Is that at the studio level?
From my experience, it’s mostly the studio level. And maybe I’m just sensitive to it or whatever. But I just feel like there’s a lot of conversations about what is funny out of a woman’s mouth. What’s allowed. And I feel like no matter how much success I had with “Pitch Perfect,” I think it’s still as much of a fight now as it was then. Which doesn’t make sense to me.
With “Cinderella” too?
Oh, especially with “Cinderella.”
And now we’re back on the record after going off for a bit! I rewatched the “Black Tie” episode of “30 Rock” yesterday, which you wrote with Tina Fey, in which Paul Reubens plays an afflicted prince. That was the moment in Season 1 when I realized, OK, I love “30 Rock.”
[Affects Prince Gerhardt voice] “THANK YOU FOR COMING TO MY BIRTHDAY.”
That was the first thing I ever wrote! You know, professionally.
An unbelievable calling card to have as your first screen credit.
Yes! I was asked recently who is my Fab G, and my answer is Tina Fey. I wrote stuff as a friend she was reading. And I never thought that she would consider me for her staff, and she just grabbed me and was like, “You’re gonna do this!” I thank her every day for giving me that opportunity.
There are so many conversations right now about what’s acceptable in comedy. As a screenwriter who’s done mostly comedy, how do you feel about that?
Right now I think we’re in the muck, and I think we’re striving for equality. And we’re trying to work things out! Of course we should look back at things that were done 15 years ago, and be like, “Oh, no!”
I don’t know if this is a story I should tell. But I can remember getting notes to put the f-slur into “Pitch Perfect” as them being bullied like by the cool athletic guys. And I was like: “No! I can’t do that.” I think I put it in for a draft, and a friend of mine read it, and she’s like, “You cannot have that in.” And I was like, “It’s a note I was given!” I was told to do that, you know?’ And then like realizing, no, it’s unacceptable. You cannot use that word. Even if you’re trying to show that it’s awful, don’t do it.

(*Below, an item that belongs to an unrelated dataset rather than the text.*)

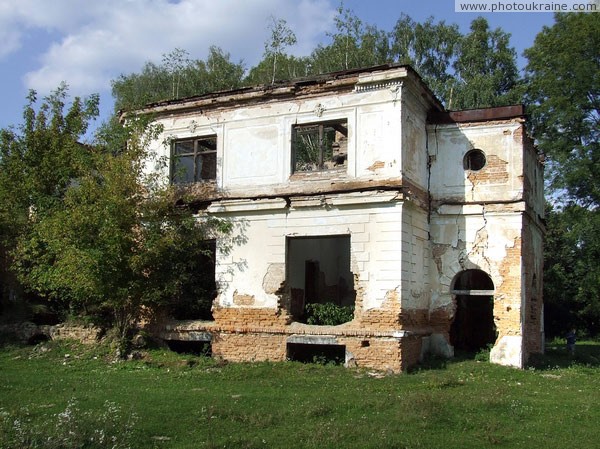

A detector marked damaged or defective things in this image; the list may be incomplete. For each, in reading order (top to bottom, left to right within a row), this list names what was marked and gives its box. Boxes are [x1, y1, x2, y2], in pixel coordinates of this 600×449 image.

broken window [171, 136, 218, 183]
broken window [292, 119, 346, 172]
broken window [464, 148, 488, 171]
broken window [288, 234, 356, 322]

You have to have your moral compass, and know what’s right for you. And there’s just some things we just shouldn’t tolerate anymore. And they’re just not acceptable. I’m certain if I looked back at stuff that I would cringe, you know? Or just, that’s how people thought then. And I was one of those people. But certainly now if you know better, you do better, right? Is that too soapboxy?
This interview has been edited and condensed.